• [WORK TO COMPLETE]
Produce a word-for-word copy of the listing below without its pictures.

• [INFORMATION]
BEGIN

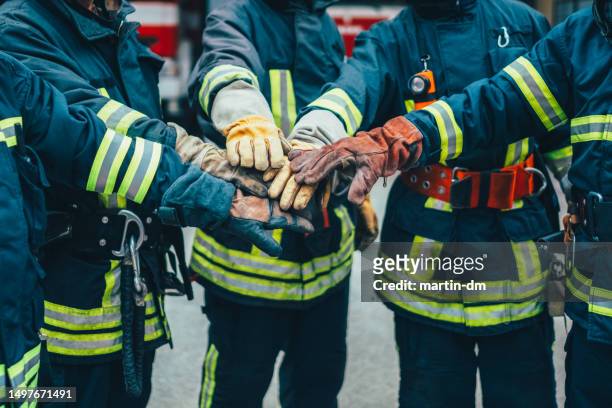 vigili del fuoco con le mani accatastate - firefighter foto e immagini stock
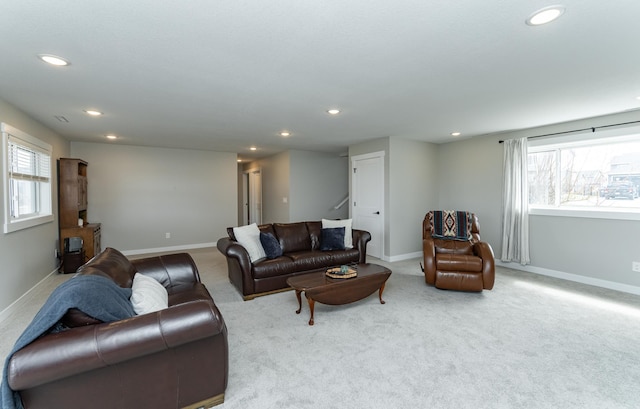 carpeted living area featuring recessed lighting, stairs, and baseboards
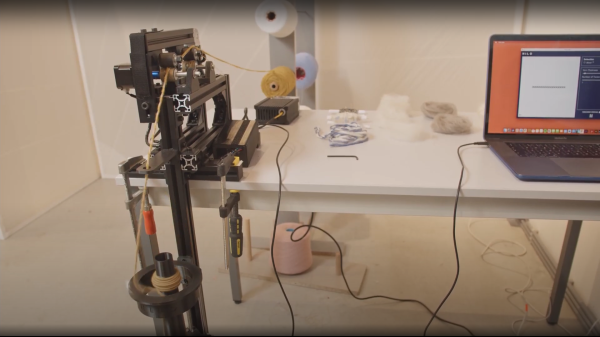 open hardware textile spinning machine constructed from aluminium extrusions, arduino electronics and 3D printed parts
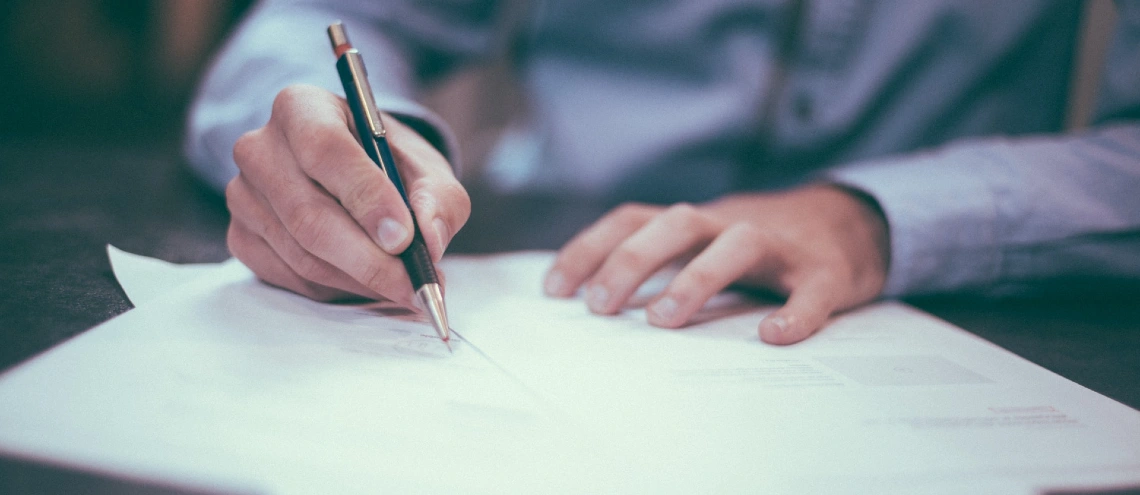 Person holding a pen signing a contract 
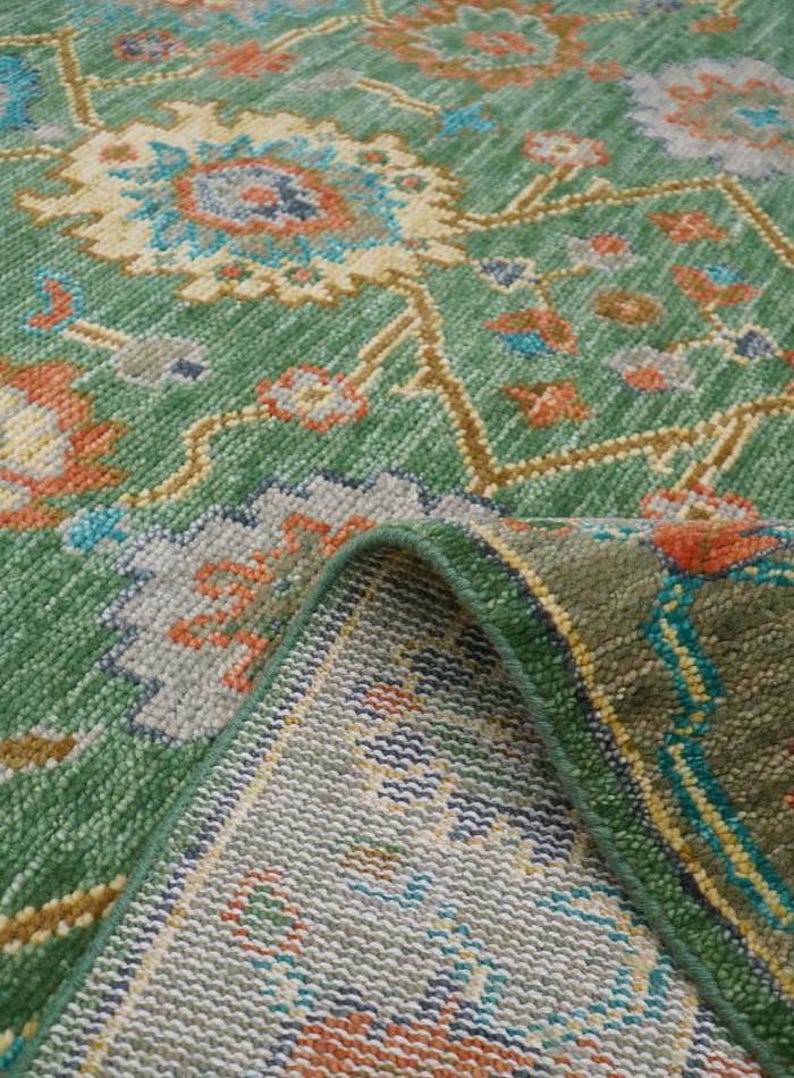 Op de afbeelding: Een groen vloerkleed met een gedetailleerd bloemenpatroon. Het vloerkleed heeft een centraal ontwerp met blauwe, oranje en gele bloemelementen op een groene achtergrond. De rand van het vloerkleed is omgevouwen en toont de onderkant.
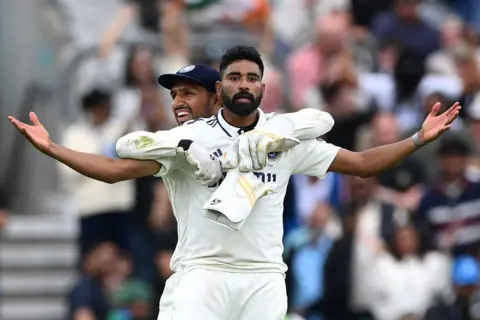 Getty Images Mohammed Siraj of India celebrates the match winning wicket of Gus Atkinson of England with teammate Dhruv Jurel on day five of the 5th Rothesay Test Match at The Kia Oval.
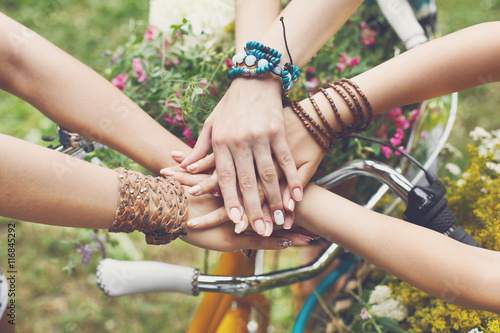 United hands of girlfriends closeup, young girls in boho bracelets © Prostock-studio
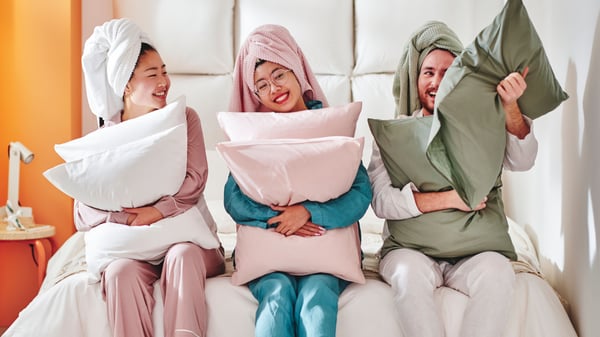 A grey-green DVALA pillowcase in the bedroom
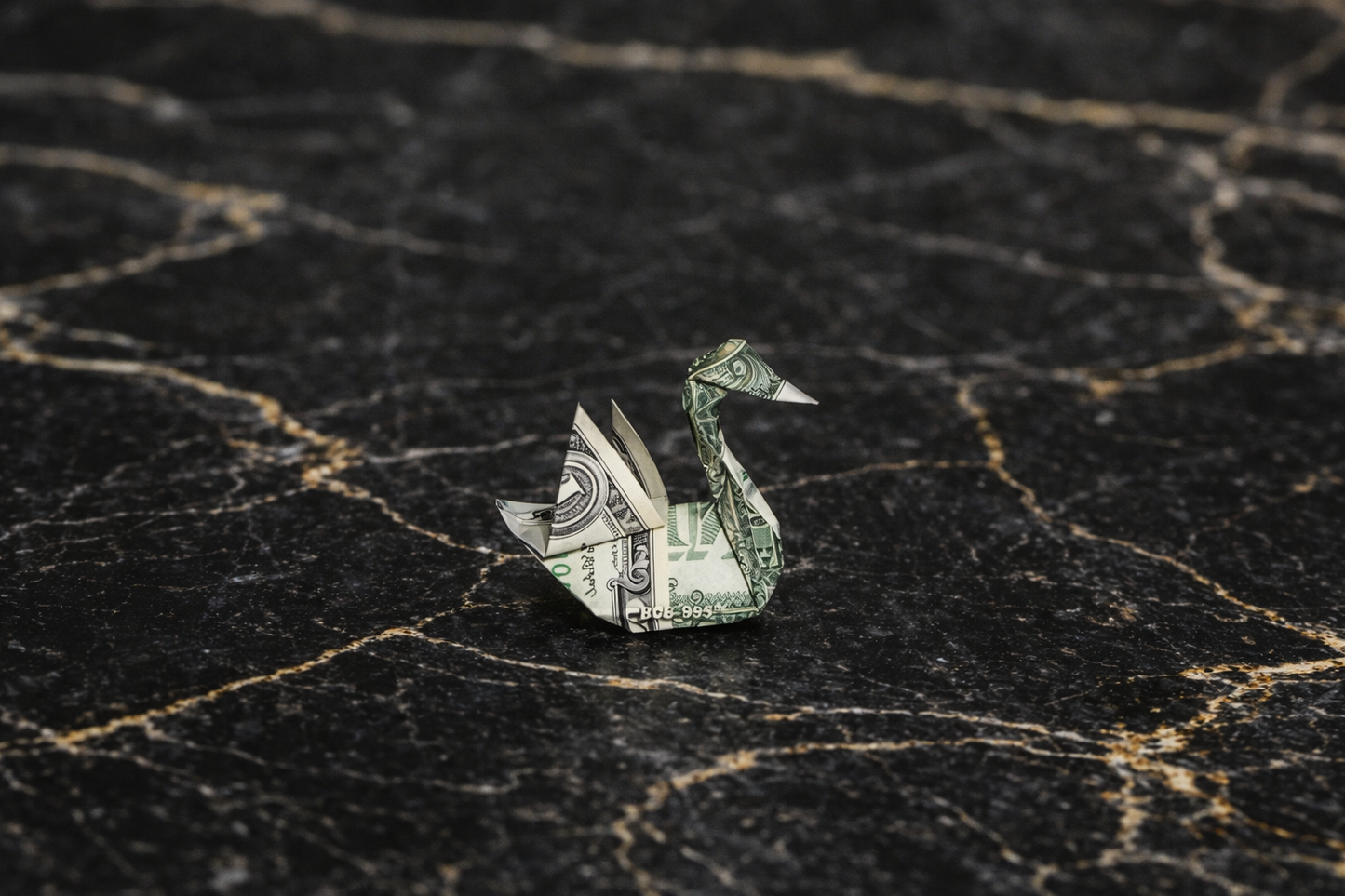 Origami swan made from a dollar bill on a textured black surface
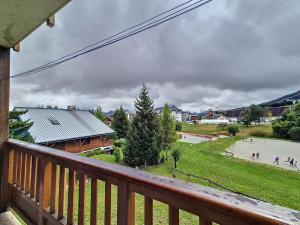 a view from the balcony of a house with a basketball court at Appartement 6 pers, cœur de station, proche pistes et commerces - FR-1-416-226 in La Toussuire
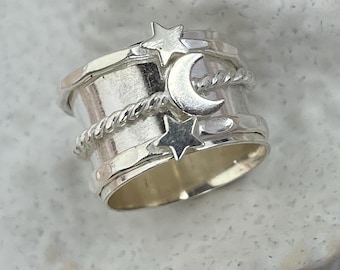 May include: A silver ring with a celestial design. The ring features a crescent moon and star accents, with a twisted rope detail. The ring is made of a shiny, metallic material.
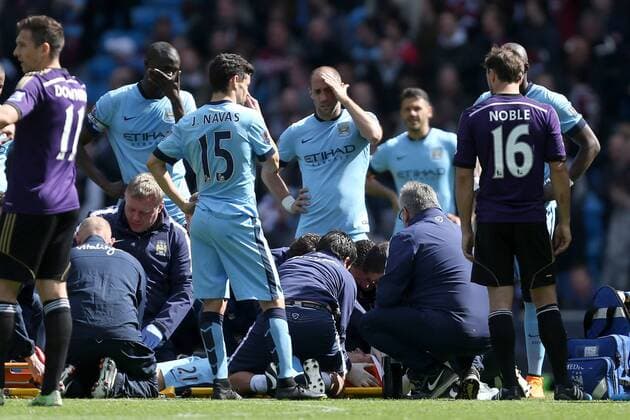 David Silva of Manchester City receives treatment as his team mates look worried - Manchester City vs. West Ham United - Barclay s Premier League - Etihad Stadium - Manchester - 19 04 2015 Pic Philip Oldham Sportimage EDITORIAL USE ONLY. No use with unauthorised audio, video, data, fixture lists, club league logos or live services. Online in-match use limited to 120 images, no video emulation. No use in betting, games or single club league player publications.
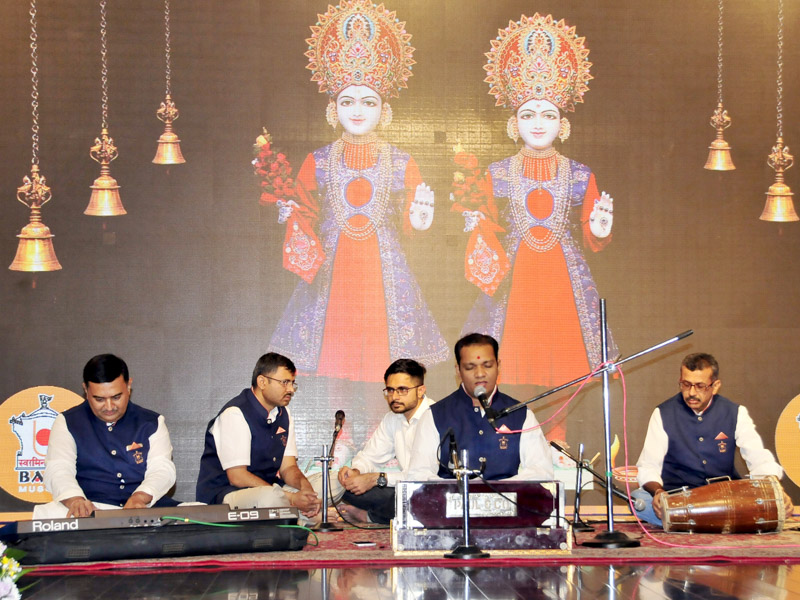 Youths sing kirtans during the assembly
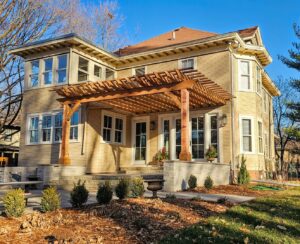 A wooden pergola extending over a patio, attached to a house, installed by Minnesota Pergolas in Lakeland, MN.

END

• [YOUR SOLUTION]
 vigili del fuoco con le mani accatastate - firefighter foto e immagini stock
 carpeted living area featuring recessed lighting, stairs, and baseboards
 open hardware textile spinning machine constructed from aluminium extrusions, arduino electronics and 3D printed parts
 Person holding a pen signing a contract 
 Op de afbeelding: Een groen vloerkleed met een gedetailleerd bloemenpatroon. Het vloerkleed heeft een centraal ontwerp met blauwe, oranje en gele bloemelementen op een groene achtergrond. De rand van het vloerkleed is omgevouwen en toont de onderkant.
 Getty Images Mohammed Siraj of India celebrates the match winning wicket of Gus Atkinson of England with teammate Dhruv Jurel on day five of the 5th Rothesay Test Match at The Kia Oval.
 United hands of girlfriends closeup, young girls in boho bracelets © Prostock-studio
 A grey-green DVALA pillowcase in the bedroom
 Origami swan made from a dollar bill on a textured black surface
 a view from the balcony of a house with a basketball court at Appartement 6 pers, cœur de station, proche pistes et commerces - FR-1-416-226 in La Toussuire
 May include: A silver ring with a celestial design. The ring features a crescent moon and star accents, with a twisted rope detail. The ring is made of a shiny, metallic material.
 David Silva of Manchester City receives treatment as his team mates look worried - Manchester City vs. West Ham United - Barclay s Premier League - Etihad Stadium - Manchester - 19 04 2015 Pic Philip Oldham Sportimage EDITORIAL USE ONLY. No use with unauthorised audio, video, data, fixture lists, club league logos or live services. Online in-match use limited to 120 images, no video emulation. No use in betting, games or single club league player publications.
 Youths sing kirtans during the assembly
 A wooden pergola extending over a patio, attached to a house, installed by Minnesota Pergolas in Lakeland, MN.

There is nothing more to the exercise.